Hand to Mouth by Linda Tirado
Stuffocation by James Wallman
and
The Casual Vacancy by J K Rowling

2drneutron
feb. 1, 2015, 3:59pm

So sorry things have been tough this year - I hope the year turns around for you! Welcome.

3scaifea
feb. 2, 2015, 7:01am

Yes, what Jim said. Here's hoping that the rest of 2015 is much happier for you and yours.

4vestafan
feb. 14, 2015, 9:41am

Thanks very much - I'm still finding concentration hard but was proud to eventually finish Wolf Hall by Hilary Mantel and have now begun Bring Up the Bodies.

In the meantime I raced through a couple of crime novels: Hard Going by Cynthia Harrod-Eagles and Darkness, Darkness by John Harvey.

5vestafan
feb. 22, 2015, 4:24am

I'm still on a light literary diet - enough to distract, but deep concentration is still hard - I've just read Thirty-three Teeth by Colin Cotterill, the second in his entertaining Dr Siri Paiboum series.

6vestafan
març 1, 2015, 4:27am

Two more books read since my last post:

Lost for Words by Edward St Aubyn, a satire of the world of the literary prize

and

The Murder Bag by Tony Parsons, a light but readable crime debut which will, I'm sure become a series

7vestafan
març 15, 2015, 7:55am

Currently suffering a very heavy cold, so have made my way through

Lamentation by C J Sansom
Fatal Act by Leigh Russell
Stop Dead by Leigh Russell
and
The Death of Lucy Kyte by Nicola Upson

- I can't really cope with anything more complicated at the moment!

8vestafan
març 22, 2015, 5:22am

Feeling slightly better, and have read a couple of books since my last post:

The Joy Luck Club by Amy Tan
and
Predator by Faye Kellerman

9vestafan
abr. 21, 2015, 10:03am

A few books read so far this month:

Thursday's Children by Nicci French
Looking Good Dead by Peter James
The Vanishing Point by Val McDermid
Police by Jo Nesbo
and
The Church of Fear by John Sweeney

10vestafan
abr. 30, 2015, 1:30pm

More to take me up to the end of April:

Bricks and Mortar by Helen Ashton
Safe House by Chris Ewan
and
Heart of Darkness by Joseph Conrad

11vestafan
maig 29, 2015, 8:34am

Almost at the end of May and I've not entered anything yet!

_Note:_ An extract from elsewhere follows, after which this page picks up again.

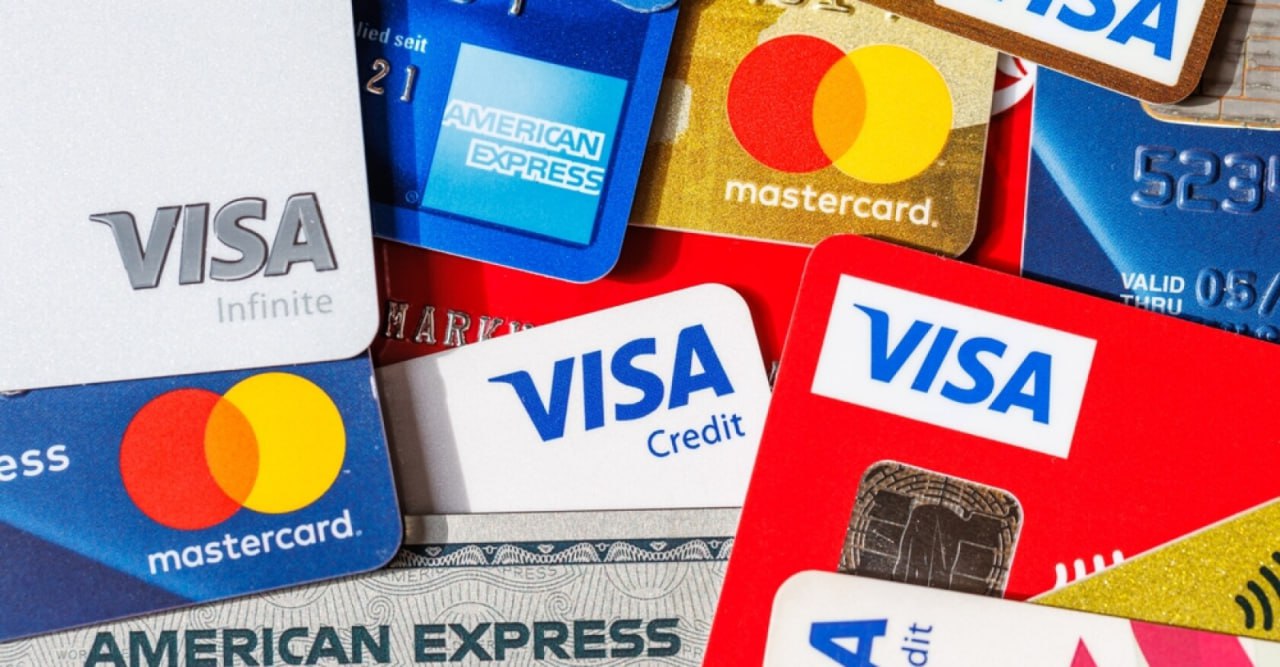 Банк России продолжает вести обсуждение с банками относительно отключения карт Visa и Mastercard в России и рассчитывает на скорейшее принятие решения заявила журналистам директор департамента национальной платежной системы ЦБ РФ Алла Бакина В отношении карт международных платежных систем ситуация иная так как НСПК не является оператором этих карт они их поддерживают технологически Продукт не развивается он остался на условиях и параметрах того периода поэтому здесь тоже есть нюансы эта тема продолжает обсуждаться но я думаю что достаточно скоро соответствующие решения тоже будут найдены и к консенсусу мы придем сказала она отвечая на вопрос приостановится ли работа карт Visa и Mastercard с продленным сроком действия Бакина подчеркнула что главная цель ЦБ не допустить лишения россиян платежных способов Люди не должны от этого страдать у них должен быть доступ к их средствам сказала она В июле Бакина говорила что Банк России рассматривает возможность ограничить период использования банковских карт с истекшим сроком для борьбы с мошенничеством В октябре она сообщала что резких шагов по отключению выданных в РФ карт Visa и Mastercard с продленным сроком действия ожидать не стоит ЦБ РФ находится в диалоге с банками с рынком для того чтобы все вопросы безопасности соблюдались и работа карт не остановилась В начале марта 2022 года международные платежные системы Visa и Mastercard сообщили что приостанавливают операции в России Их карты выпущенные российскими банками продолжили работать в РФ как обычно Функции по их обслуживанию выполняет НСПК оператор платежной системы Мир Тогда же НСПК рекомендовала банкам продолжить использование карт с истекшим сроком действия Судя по всему после окончания СВО и снятия санкций ожидать возвращения международных платежных систем в Россию не стоит Карты Visa Mastercard и American Express будут эмитироваться российскими банками однако это будет нишевый продукт для тех кому могут понадобиться банковские карты за рубежом Прежней массовости этих карт не будет это цена за уход с российского рынка уважаемые читатели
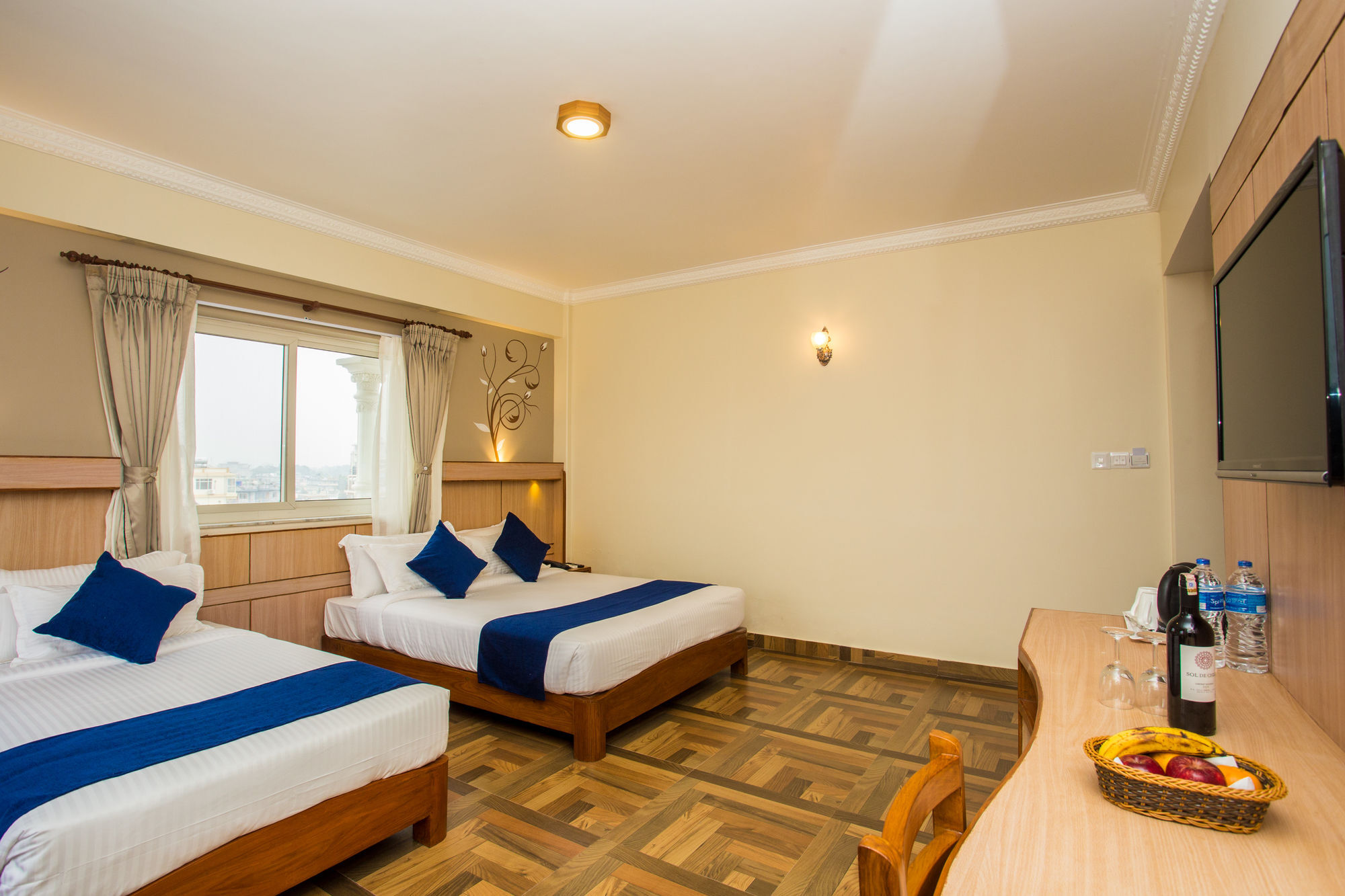 Hotel White Pearl Pokhara Bagian luar foto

I have been reading, though:

So far this month:

The Girl on the Train by Paula Hawkins
The Soul of Discretion by Susan Hill
Motive by Jonathan Kellerman
The Handsome Man's De Luxe Café by Alexander McCall Smith
Saints of the Shadow Bible by Ian Rankin
Into the Woods by John Yorke
and
The Epic of Gilgamesh

12vestafan
Editat: juny 13, 2015, 7:41am

One more before the end of May:

The Outcast Dead by Elly Griffiths

13vestafan
juny 5, 2015, 2:34pm

My first read of June 2015:

Bring Up the Bodies by Hilary Mantel

This has been in progress for so long, I feel relief and a real sense of achievement having finished it. I think I've struggled with it as it's the book I was reading when the huge upheaval of family illness and bereavement began early this year. It isn't as hard going as Wolf Hall; I think the narrative is more focused and I think as a reader you've got to know the characters over the two books which makes this one a little more accessible.

14vestafan
juny 13, 2015, 7:41am

Since then I have read:

The Sound of Broken Glass by Deborah Crombie
Abattoir Blues by Peter Robinson
and
The Narrow Road to the Deep North by Richard Flanagan

The first two are good additions to crime series I like - the Flanagan is an intense read - the theme is the effect of war on men's lives, particularly the experience of Australian POWs set to work on the Burma railway. Some of these passages were very difficult to read, graphic in the extreme, but not exploitative. This was one read which benefitted from my aim to read more 'serious' works at 50 pages per day - I don't think I could have gone any faster.

15vestafan
jul. 22, 2015, 12:07pm

This month has been quite slow - I've read

The Telling Error by Sophie Hannah
A Lovely Way to Burn by Louise Welsh
and
The Axemans Jazz by Ray Celestin

16vestafan
jul. 27, 2015, 4:56am

Two more crime this month -

The Facts of Life and Death by Belinda Bauer
and
Keep Your Friends Close by Paula Daly

The first of these is an excellent crime novel, conjuring up an atmosphere of unease and anxiety. Its the first I've read from this author and I will probably seek out some more.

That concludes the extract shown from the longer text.